The book Abrir os Gomos do Tempo: Conversas Sobre Cinema em Moçambique (Opening the Buds of Time: Conversations About Cinema in Mozambique), by Ana Cristina Pereira e Rosa Cabecinhas has just been published.
This set of conversations is essentially addressed to those who like storytelling. These are talks with a strong cinematographic slant, not only because their motto is cinema in Mozambique, but mainly because how the memories that inhabit that space are revealed is also often formulated through images that have movement. Abrir os Gomos do Tempo: Conversas Sobre Cinema em Moçambique (Opening the Buds of Time: Conversations About Cinema in Mozambique) is also for those who, like us, are happy to hear the line, “another world is possible!” again. It has, in our opinion, the beauty and strength of the words of those who believe in new life possibilities. It opens with a foreword by Nataniel Ngomane and features a series of conversations with key personalities in the history of Mozambican cinema: Américo Soares, Faria de Almeida, Gabriel Mondlane, Jean-Luc Godard, João Ribeiro, José Cardoso, Licinio Azevedo, Lopes Barbosa, Luís Carlos Patraquim, Pedro Pimenta, Ruy Guerra and Sol de Carvalho. The interviews were led by Ana Cristina Pereira, Diana Manhiça, Lurdes Macedo, Maria do Carmo Piçarra, Rosa Cabecinhas, Sheila Khan and Sílvia Vieira.

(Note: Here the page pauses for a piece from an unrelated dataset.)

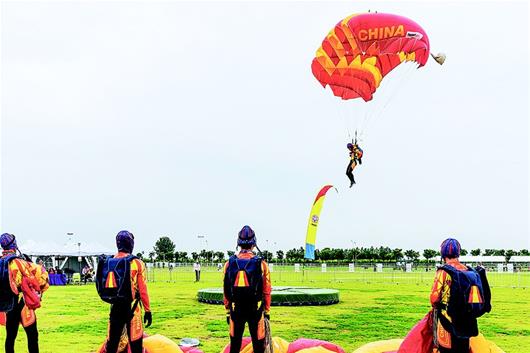 军运会跳伞测试赛在武汉揭幕
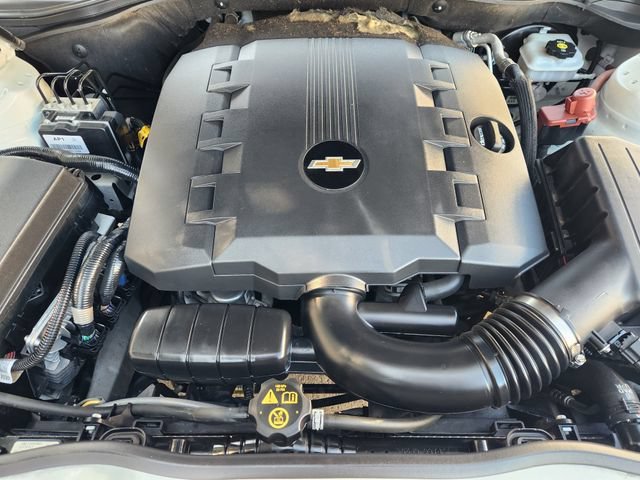 Used 2015 SUMMIT WHITE Chevrolet LT image 32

The book ends with a speech by José Luís Cabaço, given in 1980, when he was minister of information in Mozambique. This speech is accompanied by an introduction, made by the minister himself, which corresponds to his current reading of that speech as a minister. This book is dedicated to the memory of Joaquim Lopes Barbosa and is simultaneously a heartfelt tribute to all filmmakers who dared to face state censorship. This modest gesture is meant to encourage all people who still face it in various forms. Dictators die, regimes expire, and films remain.